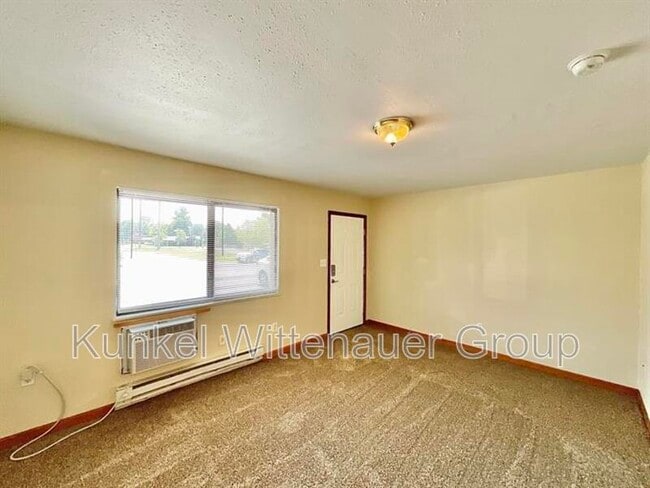 Building Photo - 2609 Sierra Dr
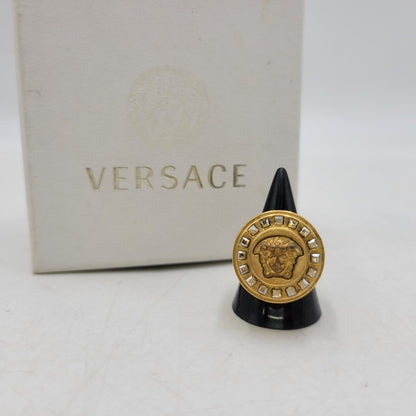 【中古品】【メンズ/レディース】 VERSACE ヴェルサーチ MEDUSA MOTIF RING メデューサ モチーフ リング イタリア製 指輪 アクセサリー 192-260710-ay-10-izu カラー：ゴールド 万代Net店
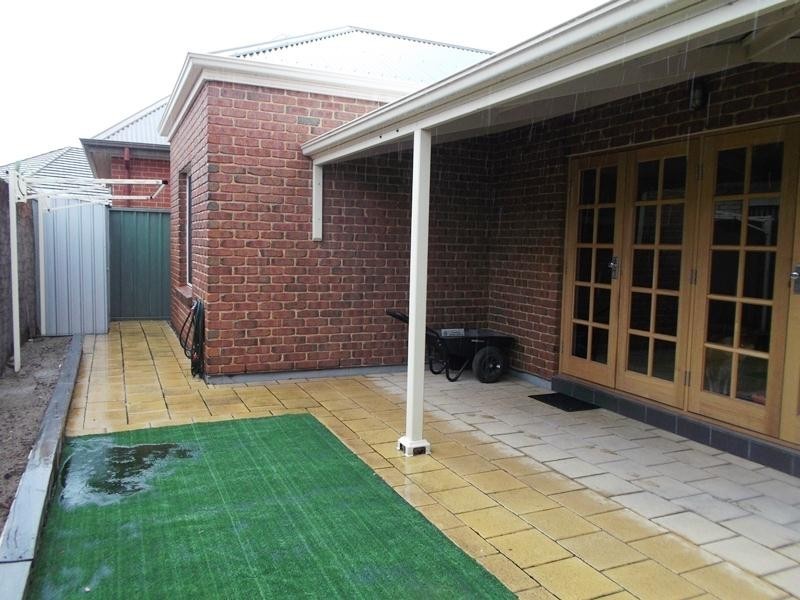 2 Lorentz Court, Mawson Lakes SA 5095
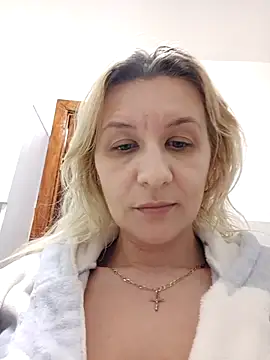 KaylinJan's cam snapshot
——
Could you print the material above word for word and skip the images?

# Solution below
 Building Photo - 2609 Sierra Dr
 【中古品】【メンズ/レディース】 VERSACE ヴェルサーチ MEDUSA MOTIF RING メデューサ モチーフ リング イタリア製 指輪 アクセサリー 192-260710-ay-10-izu カラー：ゴールド 万代Net店
 2 Lorentz Court, Mawson Lakes SA 5095
 KaylinJan's cam snapshot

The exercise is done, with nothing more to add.